■ WHAT YOU WILL DO
Copy the closing run of lines, from the one with "Harry Potter Paperback Book Set" through the last line of the listing, exactly and without any pictures.

☆ ☆ ☆ ☆ ☆ ☆ ☆

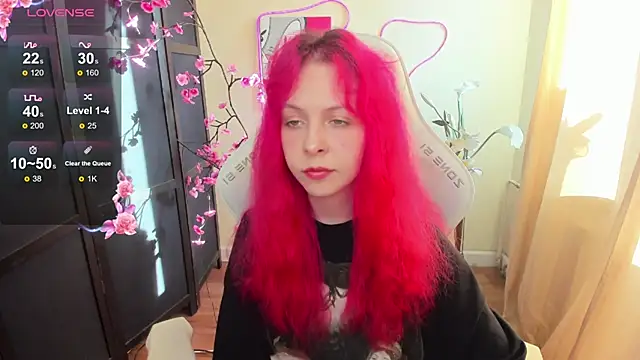 InfernoKitten online show from April 24, 1:08 am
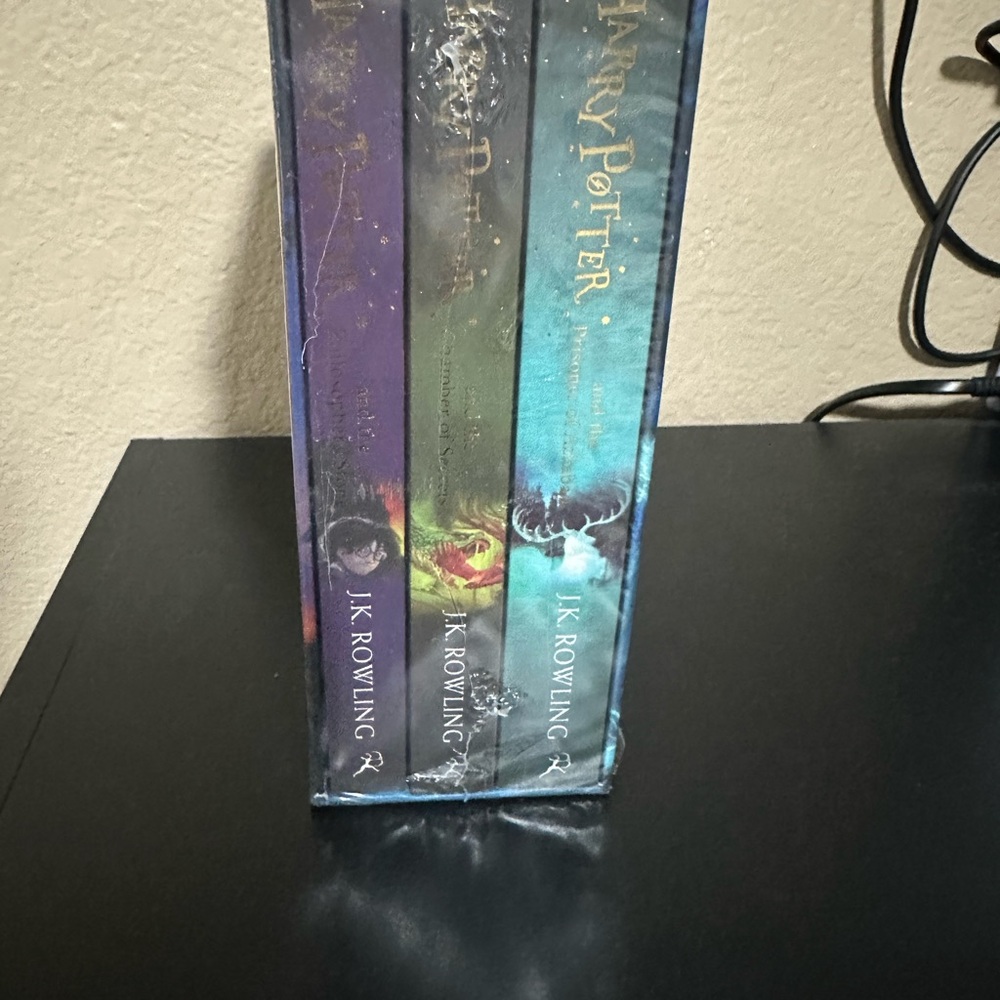 Harry Potter Paperback Book Set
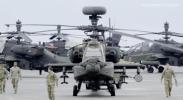 Main image for Russia Stunned as Dozens of US Apache Helicopters Deployed to Battlefield.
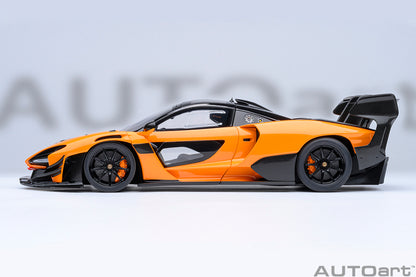 AUTOart 2019 Mclaren Senna GTR Mclaren Orange 1:18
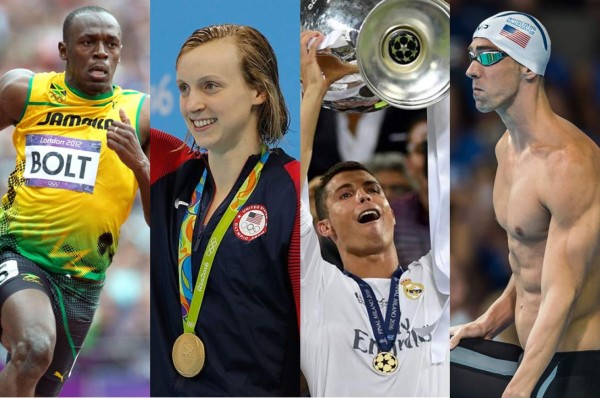 Bolt, Cristiano, Phelps, Biles, Ledecky y Beitia aspiran al Laureus en Monaco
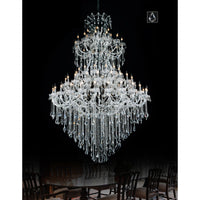 Maria Chandeliers 84 Light Chrome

☆ ☆ ☆ ☆ ☆ ☆ ☆

■ EXERCISE SOLUTION
 Harry Potter Paperback Book Set
 Main image for Russia Stunned as Dozens of US Apache Helicopters Deployed to Battlefield.
 AUTOart 2019 Mclaren Senna GTR Mclaren Orange 1:18
 Bolt, Cristiano, Phelps, Biles, Ledecky y Beitia aspiran al Laureus en Monaco
 Maria Chandeliers 84 Light Chrome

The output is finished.